The American Civil Liberties Union Northern and Southern California branches have gotten involved in the California suit, asking the judge there to allow Dee to testify without retaliation. They argue the contract is unconstitutional viewpoint discrimination because it limits testifying against, but not on behalf of, the government.

“What they’re essentially doing is muzzling any education researchers who have signed these contracts in exchange for state data from weighing in on behalf of litigants,” said Alyssa Morones, First Amendment and Democracy Fellow at the ACLU of Southern California.

“It’s distorting what can and cannot come into court, which is important because these cases talk about important education issues,” Morones said. “They also inform people’s discussion of education issues and possible solutions, so it’s harmful when you aren’t getting the full story on behalf of both sides, you’re hindering one side.”

Rosenbaum, the lawyer for the California children, said, “It’s frankly a cut-and-dried First Amendment question. You can’t impose conditions on an individual that request that individual to sacrifice constitutional rights.”

In Dee’s expert report, he wrote that K-12 enrollment declines will likely cause serious financial and instructional issues and, while “the state of California is in a unique position to provide leadership” in academic recovery, “to date, the state has not clearly demonstrated such leadership.”

On July 24, Kazanis, director of the California Department of Education’s Analysis, Measurement and Accountability Reporting Division, wrote to Dee, noting the plaintiffs had listed him as an expert witness in the case and that he had signed a declaration.

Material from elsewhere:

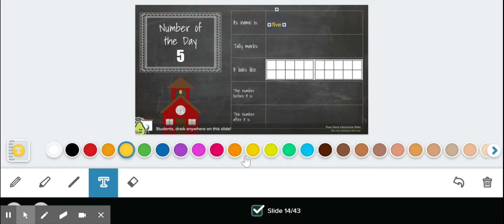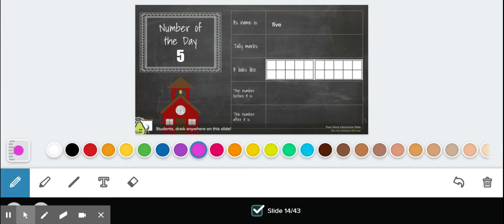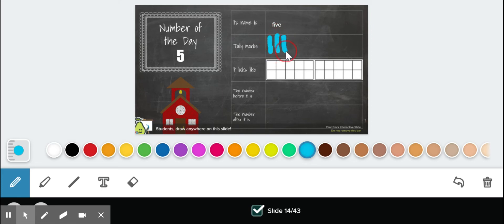For tally marks, I want you to pay careful attention because I'm going to do something different with my tally marks today. To make five tally marks, I make one, two, three, four tally marks, and then I don't make a fifth one over here. Instead,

“The CDE reserves all its rights, including the right to enforce the agreement and exhibit D to the full extent of the law,” Kazanis wrote. “This includes, but is not limited to, seeking an injunction prohibiting any further declarations or any testimony, terminating the agreement and the underlying research that is the subject of the agreement, denying any pending data requests in which you are involved and seeking the $50,000 in liquidated damages.”

A department spokesman confirmed the authenticity of that letter but otherwise told Inside Higher Ed the department “cannot comment on pending litigation.”

Public Counsel, the firm representing the children alongside international firm Morrison Foerster, provided Inside Higher Ed with a filing from Elizabeth N. Lake, a California deputy attorney general representing the department and the other state defendants.

In it, Lake objected to using a proposed “informal” process to decide whether the California Department of Education can enforce the testimony bans. She wrote that the department contracts with researchers, including those at Stanford, “to conduct audits and evaluations and perform research studies on CDE’s behalf.”

“The incentive to conduct audits, evaluations and research to discover deficiencies in CDE’s educational programs would be significantly ‘chilled’ if CDE’s authorized representatives were free to profit by testifying as an expert witness in litigation rather than work cooperatively with CDE through publishing papers, engaging in public dialogue and developing further research questions,” Lake wrote.

A judge in the Superior Court of California, Alameda County, didn’t rule on the issue during a hearing Wednesday. He asked for a full legal briefing on it. Another hearing is set for Aug. 22, and the full trial starts Sept. 3.